Evaluate the evidence. By reading both the text and the footnotes, you can build up a fuller sense of the research that lies behind the article – and you can also begin to judge the strength of its argument. You will want to ask yourself what types of evidence are used and what range. Some articles will be tightly focussed on one set of materials, others will range more widely – but always with a sense of coherent whole to them. In my article, you will find several different types of primary material used, as well as what the social sciences call ‘secondary research’; that is, some statistics based on data-sets compiled by earlier scholars. As you think about how the author developed their article, you will also want to ask yourself: what is the most significant evidence used here? Remember that the way an article is written is very rarely an unfolding of the story of how the research was conducted. It is constructed after the research was completed and will order the evidence in a manner that makes it as convincing as possible, with the result that the most significant material is unlikely to be at the very beginning (or very end) of the article. So, what you are doing is understanding how the results of the historian’s time in the archives has been organised and deployed in order to make their argument persuasive.

Sense the sections. The consequence of this is also that an article is – like an essay you write should be – a set of steps. The author needs to lead the reader through the stages of the argument as the evidence is unveiled. Sometimes (but only in a minority of cases), these steps will helpfully be flagged up by sub-divisions in an article: these might involve sub-titles or numbers or (as in my article) simply an extra line-break. By being aware of these, though, you can get a better sense of how the author has arranged the information they have gathered. Of course, it is up to you as reader to consider whether the evidence could be organised differently or supplemented by other material, with changes to the argument as a result. When you do that, you move from being a reader to being a potential author, ready to do your own research and enter the sand-pit of historiographical debate.

Good luck.

The battle against endnotes

Posted in Offbeat observations by bonaelitterae on 10 December, 2009

I was reading a review today which ends:

‘[The author] has also committed the considerable offence, which one would have thought the concentrated venom of reviewers would have killed off long ago, of herding all her notes together at the end of the book.’

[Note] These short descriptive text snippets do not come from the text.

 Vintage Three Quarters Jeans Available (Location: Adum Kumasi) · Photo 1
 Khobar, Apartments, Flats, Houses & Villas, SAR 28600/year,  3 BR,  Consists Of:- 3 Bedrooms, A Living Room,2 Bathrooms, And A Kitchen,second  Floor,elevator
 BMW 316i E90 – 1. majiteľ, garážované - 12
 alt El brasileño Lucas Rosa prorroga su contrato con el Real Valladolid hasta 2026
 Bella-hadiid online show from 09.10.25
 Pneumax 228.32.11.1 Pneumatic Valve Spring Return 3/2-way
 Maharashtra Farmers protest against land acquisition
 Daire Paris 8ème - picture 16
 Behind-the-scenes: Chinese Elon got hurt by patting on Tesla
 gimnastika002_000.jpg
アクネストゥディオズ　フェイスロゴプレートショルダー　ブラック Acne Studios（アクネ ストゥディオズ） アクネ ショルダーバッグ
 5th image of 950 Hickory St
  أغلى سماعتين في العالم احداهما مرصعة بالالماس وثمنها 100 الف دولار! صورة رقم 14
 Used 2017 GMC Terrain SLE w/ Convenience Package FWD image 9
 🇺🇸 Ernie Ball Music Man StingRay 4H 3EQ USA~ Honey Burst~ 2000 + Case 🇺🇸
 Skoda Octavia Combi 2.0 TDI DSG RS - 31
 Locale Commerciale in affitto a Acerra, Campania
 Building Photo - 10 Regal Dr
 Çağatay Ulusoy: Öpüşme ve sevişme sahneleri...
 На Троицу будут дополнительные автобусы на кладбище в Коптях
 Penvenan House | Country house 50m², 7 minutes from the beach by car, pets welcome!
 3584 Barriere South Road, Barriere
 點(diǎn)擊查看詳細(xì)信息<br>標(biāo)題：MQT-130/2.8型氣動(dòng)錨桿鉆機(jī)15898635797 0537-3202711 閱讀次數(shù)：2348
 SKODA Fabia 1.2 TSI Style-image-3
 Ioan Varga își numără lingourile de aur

The review appeared in History in 1939. Clearly, the tongue of reviewers, however spiteful, spits an ineffective poison.

And let us not be uncharitable: endnotes are not the worst. Even more infuriating are notes gathered at the end of each chapter. Nor are they the most unscholarly: that accolade should surely be reserved for the ‘author / date’ system which not only interrupts the text and often fails to provide enough citation to be usefully specific but also seems to arouse the spirit of Lethe, where the writer, their copy-editor and their publisher all forget to check that the full reference is actually included in the bibliography. Yet both styles seem to be gaining ground on the now old-fashioned footnote (it would be interesting to know what proportion of monographs use each system and how that changes over the years: does anyone have those figures to hand?).

Perhaps, though, we should remember that the footnote itself has not always been viewed with a kindly eye. Hilaire Belloc, in an essay curiously not mentioned in Tony Grafton’s The Footnote: a curious history, roundly rounded on the practice of freighting a page of text with the ballast of small-typed notes. A form of lying, he claimed, with Edward Gibbon accused of being its originator. His venom too was patently proven innocuous.